▶ [Try it] Please copy every line with the string "Green" from the entries below.
Start of Block
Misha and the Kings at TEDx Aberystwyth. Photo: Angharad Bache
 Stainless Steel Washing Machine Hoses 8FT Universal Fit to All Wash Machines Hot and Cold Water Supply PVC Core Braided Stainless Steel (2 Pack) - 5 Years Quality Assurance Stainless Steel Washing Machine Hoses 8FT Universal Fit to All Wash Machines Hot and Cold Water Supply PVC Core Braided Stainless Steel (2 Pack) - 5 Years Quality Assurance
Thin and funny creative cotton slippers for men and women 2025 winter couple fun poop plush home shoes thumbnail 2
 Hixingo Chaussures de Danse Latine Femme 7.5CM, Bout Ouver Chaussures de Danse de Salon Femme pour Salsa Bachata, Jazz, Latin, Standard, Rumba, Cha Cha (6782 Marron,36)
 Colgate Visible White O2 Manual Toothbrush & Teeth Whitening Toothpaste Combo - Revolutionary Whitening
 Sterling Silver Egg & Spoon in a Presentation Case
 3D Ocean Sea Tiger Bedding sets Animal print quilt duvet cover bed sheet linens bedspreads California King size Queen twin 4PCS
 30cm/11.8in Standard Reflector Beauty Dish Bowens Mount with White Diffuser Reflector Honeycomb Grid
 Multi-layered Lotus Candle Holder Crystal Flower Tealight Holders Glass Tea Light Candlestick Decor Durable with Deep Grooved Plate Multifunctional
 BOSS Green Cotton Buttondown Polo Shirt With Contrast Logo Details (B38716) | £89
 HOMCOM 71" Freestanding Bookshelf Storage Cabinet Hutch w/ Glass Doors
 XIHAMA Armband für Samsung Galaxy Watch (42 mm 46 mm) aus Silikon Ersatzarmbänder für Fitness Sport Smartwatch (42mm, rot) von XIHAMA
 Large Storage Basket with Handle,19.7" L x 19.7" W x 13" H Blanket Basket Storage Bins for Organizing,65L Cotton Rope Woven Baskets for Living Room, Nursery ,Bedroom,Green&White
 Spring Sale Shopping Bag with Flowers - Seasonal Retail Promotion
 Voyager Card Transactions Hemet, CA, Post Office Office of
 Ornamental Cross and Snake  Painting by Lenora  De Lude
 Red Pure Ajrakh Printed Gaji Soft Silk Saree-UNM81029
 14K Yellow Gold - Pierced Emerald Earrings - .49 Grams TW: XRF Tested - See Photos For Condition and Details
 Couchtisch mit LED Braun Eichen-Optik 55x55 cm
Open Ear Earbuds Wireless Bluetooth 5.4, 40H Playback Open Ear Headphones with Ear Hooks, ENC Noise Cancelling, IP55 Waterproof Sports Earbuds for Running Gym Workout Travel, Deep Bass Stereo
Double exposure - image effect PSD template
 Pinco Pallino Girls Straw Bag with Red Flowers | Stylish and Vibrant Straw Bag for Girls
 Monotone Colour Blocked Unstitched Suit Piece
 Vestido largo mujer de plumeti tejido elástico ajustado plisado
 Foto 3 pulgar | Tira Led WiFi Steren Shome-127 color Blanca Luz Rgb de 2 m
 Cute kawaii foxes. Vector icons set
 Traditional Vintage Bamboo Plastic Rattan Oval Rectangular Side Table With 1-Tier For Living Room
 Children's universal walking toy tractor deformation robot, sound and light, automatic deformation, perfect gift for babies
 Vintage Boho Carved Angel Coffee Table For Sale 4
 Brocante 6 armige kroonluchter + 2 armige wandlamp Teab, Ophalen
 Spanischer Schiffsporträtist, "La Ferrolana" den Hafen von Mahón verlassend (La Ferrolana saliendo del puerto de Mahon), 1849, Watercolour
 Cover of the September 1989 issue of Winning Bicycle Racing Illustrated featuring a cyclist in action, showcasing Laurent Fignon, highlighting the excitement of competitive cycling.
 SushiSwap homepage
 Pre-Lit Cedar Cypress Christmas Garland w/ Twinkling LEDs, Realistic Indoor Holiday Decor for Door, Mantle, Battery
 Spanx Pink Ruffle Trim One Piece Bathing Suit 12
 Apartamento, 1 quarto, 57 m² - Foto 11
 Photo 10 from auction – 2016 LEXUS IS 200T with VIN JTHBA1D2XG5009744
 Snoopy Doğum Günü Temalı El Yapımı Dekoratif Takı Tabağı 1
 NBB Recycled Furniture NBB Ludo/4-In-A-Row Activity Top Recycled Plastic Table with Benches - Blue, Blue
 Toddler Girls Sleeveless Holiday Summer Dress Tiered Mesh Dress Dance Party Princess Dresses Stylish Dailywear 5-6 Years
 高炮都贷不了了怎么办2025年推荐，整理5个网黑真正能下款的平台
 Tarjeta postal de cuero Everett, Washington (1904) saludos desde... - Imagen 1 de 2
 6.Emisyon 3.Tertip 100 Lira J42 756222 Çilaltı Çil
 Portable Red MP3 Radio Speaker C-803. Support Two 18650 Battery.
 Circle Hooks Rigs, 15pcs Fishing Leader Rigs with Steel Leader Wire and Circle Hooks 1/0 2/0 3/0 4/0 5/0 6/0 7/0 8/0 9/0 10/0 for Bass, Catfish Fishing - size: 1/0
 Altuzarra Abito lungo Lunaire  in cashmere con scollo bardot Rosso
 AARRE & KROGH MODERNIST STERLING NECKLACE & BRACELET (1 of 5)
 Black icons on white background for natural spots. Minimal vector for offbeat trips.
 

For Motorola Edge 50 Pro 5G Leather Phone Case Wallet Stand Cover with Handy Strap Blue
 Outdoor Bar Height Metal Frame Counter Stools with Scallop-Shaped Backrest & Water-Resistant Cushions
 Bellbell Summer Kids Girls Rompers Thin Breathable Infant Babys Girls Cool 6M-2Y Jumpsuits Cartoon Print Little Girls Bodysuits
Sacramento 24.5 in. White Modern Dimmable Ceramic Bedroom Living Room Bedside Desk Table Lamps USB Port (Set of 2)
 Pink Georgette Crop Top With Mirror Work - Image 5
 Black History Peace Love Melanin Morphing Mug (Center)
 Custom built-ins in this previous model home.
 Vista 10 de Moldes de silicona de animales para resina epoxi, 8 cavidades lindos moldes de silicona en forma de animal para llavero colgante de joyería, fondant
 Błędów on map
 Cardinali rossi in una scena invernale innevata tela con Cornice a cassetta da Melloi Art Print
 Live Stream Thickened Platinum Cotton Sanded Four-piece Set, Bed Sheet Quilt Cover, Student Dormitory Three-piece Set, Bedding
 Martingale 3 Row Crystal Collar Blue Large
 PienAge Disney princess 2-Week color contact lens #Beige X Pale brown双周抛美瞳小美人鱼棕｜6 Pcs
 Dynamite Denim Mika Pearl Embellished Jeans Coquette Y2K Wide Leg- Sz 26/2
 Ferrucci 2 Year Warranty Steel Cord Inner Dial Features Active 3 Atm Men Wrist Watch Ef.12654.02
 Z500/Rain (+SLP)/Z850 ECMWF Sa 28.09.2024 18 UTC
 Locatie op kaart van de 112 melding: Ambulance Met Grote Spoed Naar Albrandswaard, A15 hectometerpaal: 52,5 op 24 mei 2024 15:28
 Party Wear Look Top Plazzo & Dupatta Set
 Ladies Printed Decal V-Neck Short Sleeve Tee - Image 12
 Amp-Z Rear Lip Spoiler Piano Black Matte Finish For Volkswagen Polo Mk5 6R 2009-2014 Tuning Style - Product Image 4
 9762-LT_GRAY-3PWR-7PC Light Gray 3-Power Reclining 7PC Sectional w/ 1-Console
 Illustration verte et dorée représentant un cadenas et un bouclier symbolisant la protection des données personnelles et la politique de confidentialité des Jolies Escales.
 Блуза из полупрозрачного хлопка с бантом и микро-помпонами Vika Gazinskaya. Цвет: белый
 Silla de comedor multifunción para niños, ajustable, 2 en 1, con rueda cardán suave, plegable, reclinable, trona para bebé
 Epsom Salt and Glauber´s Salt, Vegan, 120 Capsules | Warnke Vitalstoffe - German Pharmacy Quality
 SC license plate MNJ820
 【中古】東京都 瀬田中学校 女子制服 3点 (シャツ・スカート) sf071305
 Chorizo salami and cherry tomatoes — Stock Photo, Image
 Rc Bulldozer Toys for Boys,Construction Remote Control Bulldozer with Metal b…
End of Block
▶ [Written response]
 BOSS Green Cotton Buttondown Polo Shirt With Contrast Logo Details (B38716) | £89
 Large Storage Basket with Handle,19.7" L x 19.7" W x 13" H Blanket Basket Storage Bins for Organizing,65L Cotton Rope Woven Baskets for Living Room, Nursery ,Bedroom,Green&White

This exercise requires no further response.